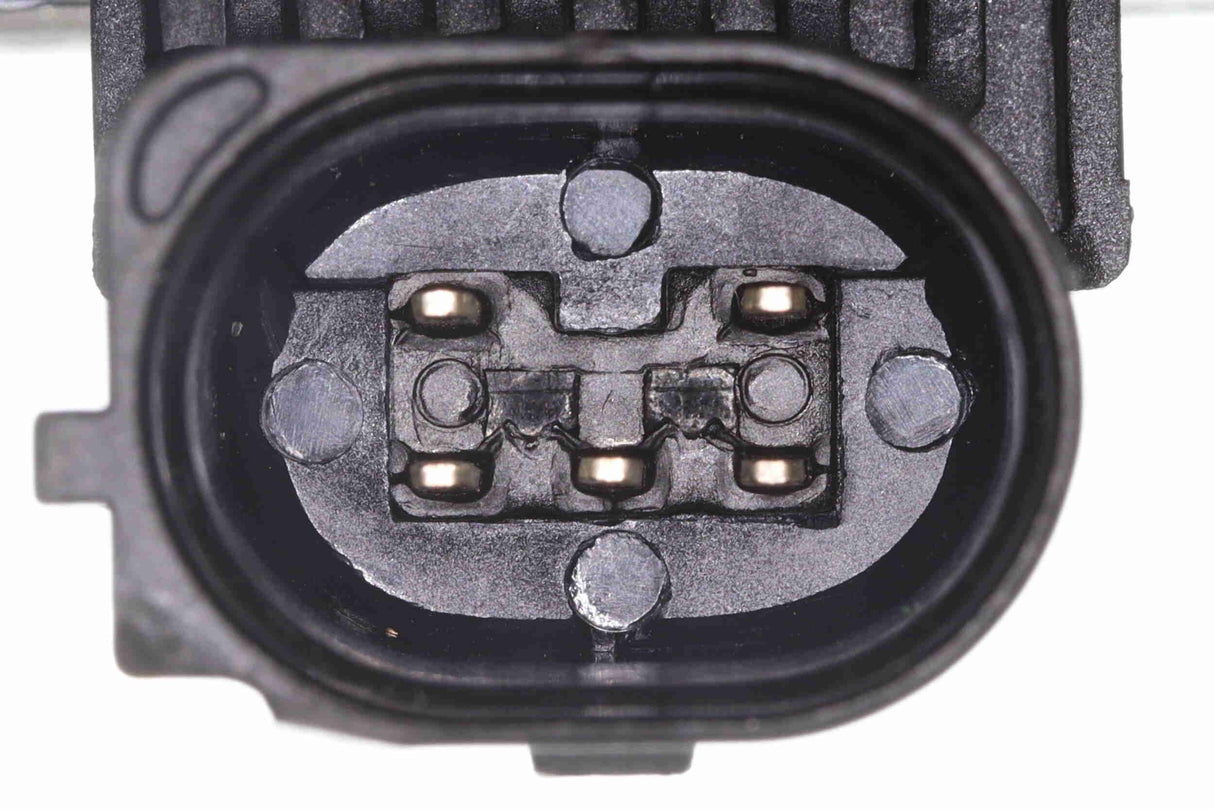 Valve, exhaust gas recirculation - V95-63-0012
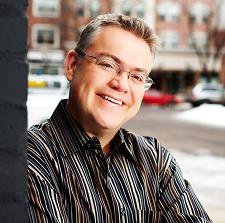 ttranstrum's profile picture. 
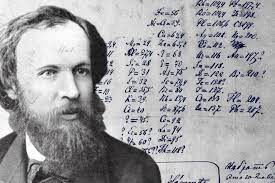 He studied science in st. The Father Of The Periodic Table Feature Chemistry World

ASSIGNMENT: Skip every picture and retype only the lines from the line with "ttranstrum's profile picture." through the last line of the listing, both ends included, exactly as they appear.

ANSWER TO THIS TASK:
 ttranstrum's profile picture. 
 He studied science in st. The Father Of The Periodic Table Feature Chemistry World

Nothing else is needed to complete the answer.